I’m going to change PHP_FCGI_MAX_REQUESTS from 125 to 30 and see if only allowing that few connections before killing the process and restarting it will help. I originally changed this from 1000 to 125 when I first installed nginx on this server and it helped significantly.
EDIT: This seemed good at first, but once 30 requests was reached it killed php-fastcgi and it didn’t respawn. That meant no sites were accessible. Bummer.
Thanks. I’ll read through that and see if it helps.
These parts seemed helpful.
I set the children to 0 and the max_requests back to the default of 1000. It stayed up while I tested a little, but I want to monitor and will probably adjust more throughout the next 24 hours.
EDIT: That worked poorly…whether I set max_requests to 30 or 1000, whenever it gets there it kills the php-fastcgi process. That makes all the sites return a 502 Bad Gateway error. Yeah, I can just restart the process, but I shouldn’t have to do that every hour (or less).

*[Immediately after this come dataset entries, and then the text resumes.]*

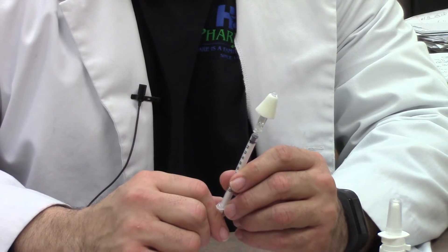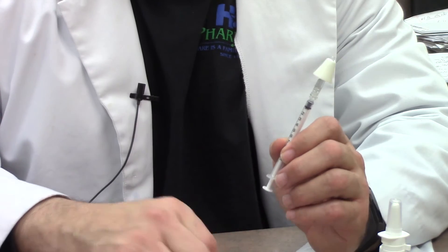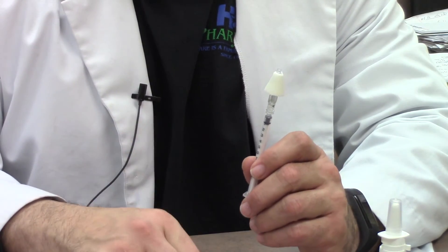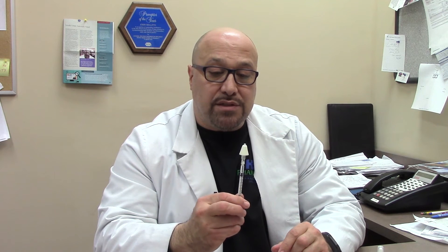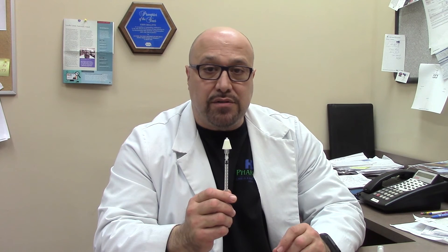If you're required to use another one for the other nostril, then you will remove a new syringe and do that for the second dose into the other nostril. Again, taking off the green cap, using the atomizer again, and then putting it into the nostril and depressing it. You see it comes out as a fine mist so that it's very easily absorbed.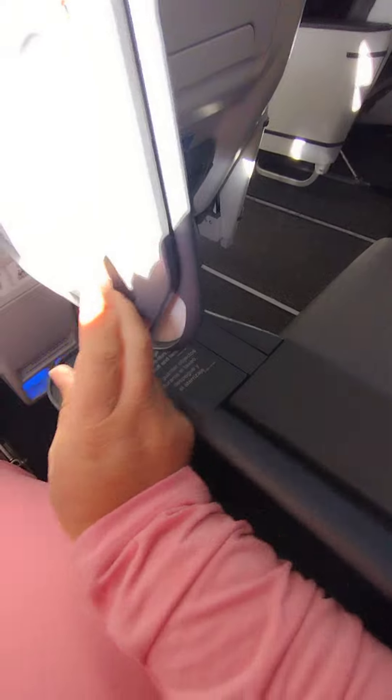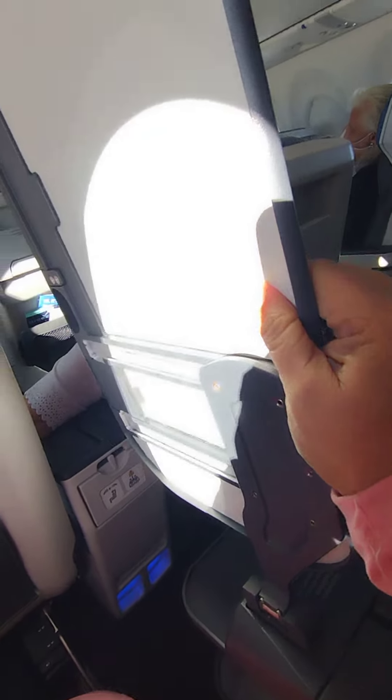It's a recliner. It comes out — close it, move it down. You can lift forward, go back. The little things.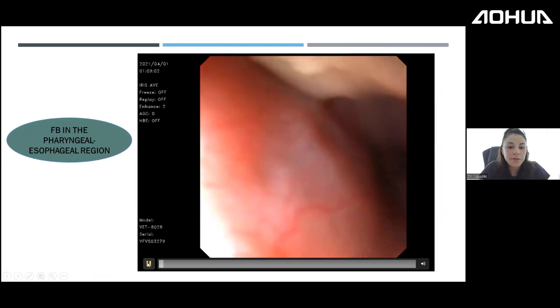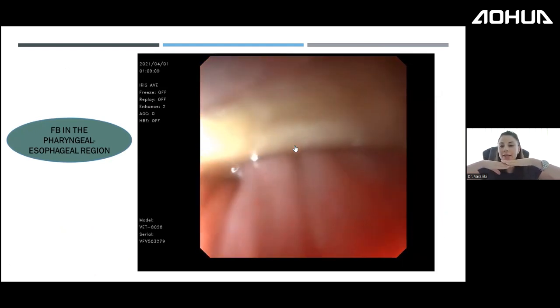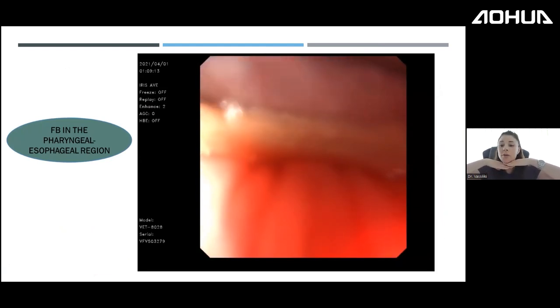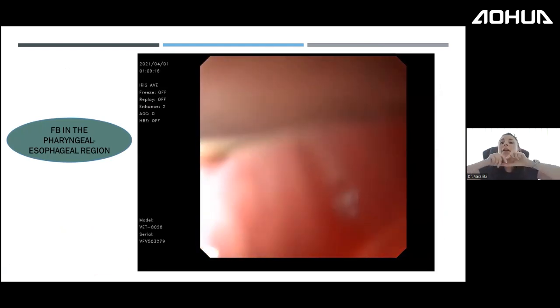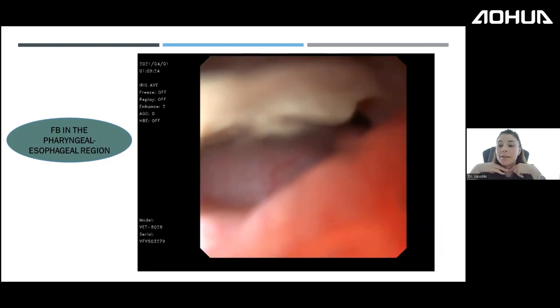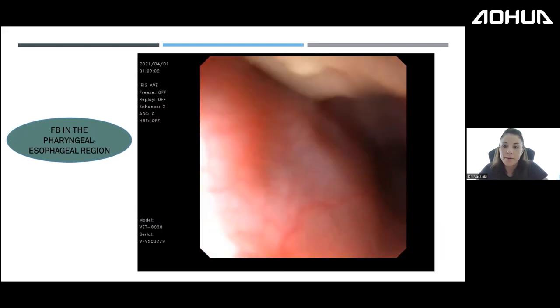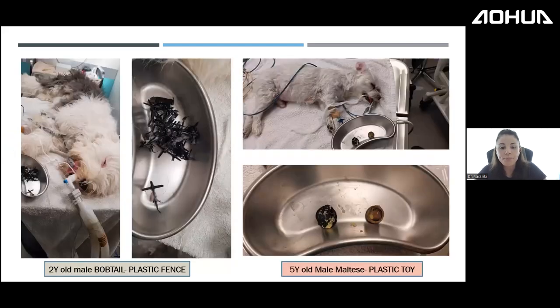Looking at the dog admitted as a cardiology case, here you can see a bone sitting horizontally in the pharyngeal region. The bone was obstructing the airways, which explains the cyanotic tongue and labored breathing. That was a relatively easy foreign body to remove.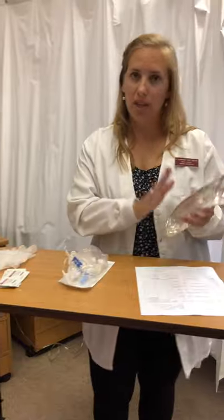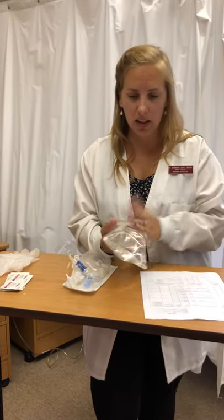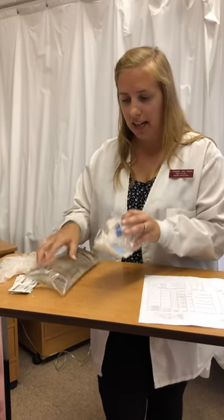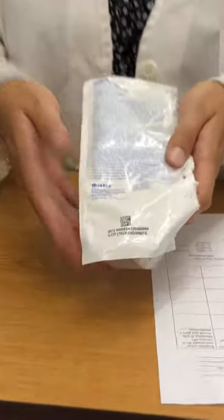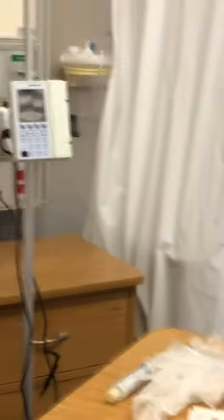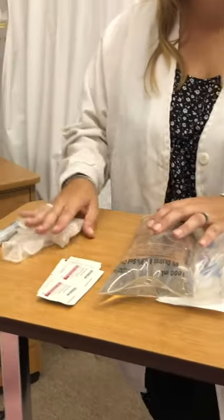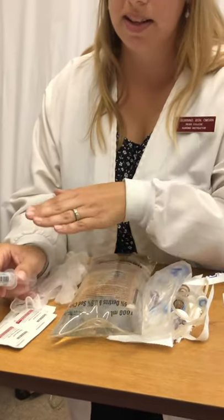I've checked my order and I make sure I have the correct fluid — that it's not expired, not leaking, not cloudy, and hasn't been tampered with. And then I have my tubing — specifically the Baxter tubing that goes with the Baxter pump. I also have some alcohol swabs, gloves because I'm handling technically a medication, and a normal saline flush because we always flush the IV before and after to keep it patent.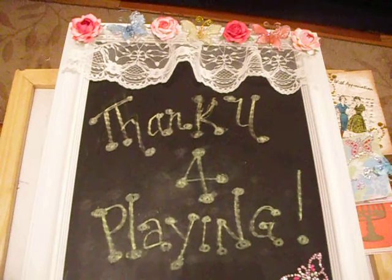Hello fellow crafters, this is the Florida Crafter and I want to thank everyone that played in the Let's Get Crafty Challenge to create four projects between Saturday and Sunday. I got mine completed late last night and I'm here to share them with you now.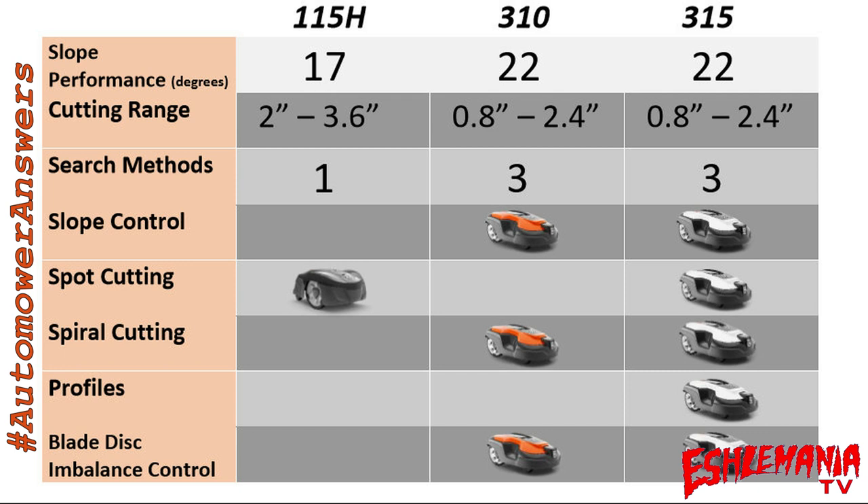Profiles are only available on the 315 — that's what allows you to use one automower with two different charging stations or two different yards, and set programs for spring versus fall. Blade disc imbalance control gives you a warning when you have an imbalance in your blades — too many blades on one screw, something bent, etc. That is only available on the 310 and 315, not the 115H.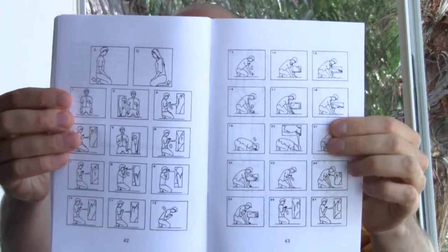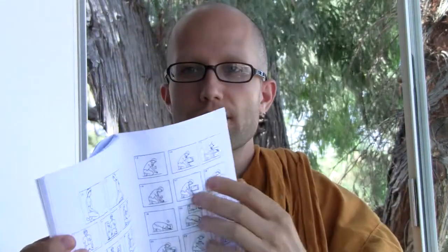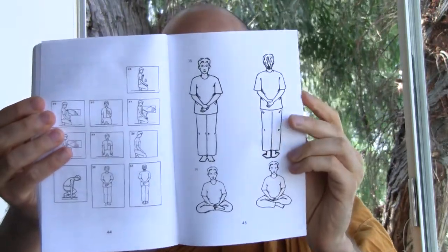It's got pictures of how to do the prostrations and how to do the walking meditation and sitting meditation — basic information on how to stand and how to sit.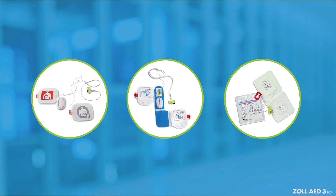The Zoll AED-3BLS can be used with many of Zoll's AED electrode pads, including CPR STAT pads, CPR D pads electrode, and PD pads II pediatric electrodes.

Hmm. Could a mysql bottleneck cause this? Perhaps queries are backing up and taking all of the alloted processes?? Well, I’m out of other ideas, so I’ll look into it. (Honestly, I don’t know if anyone is reading this, but it is handy for me to keep notes.)
I fixed the problem by moving to a new server at a different host. This wasn’t a completely a setup issue. The ultimate problem was that php5 got installed alongside php-fastcgi and they kept fighting over which one would process php. In the end, I was planning a host change and this made it a convenient time, however I did get the old server running properly again.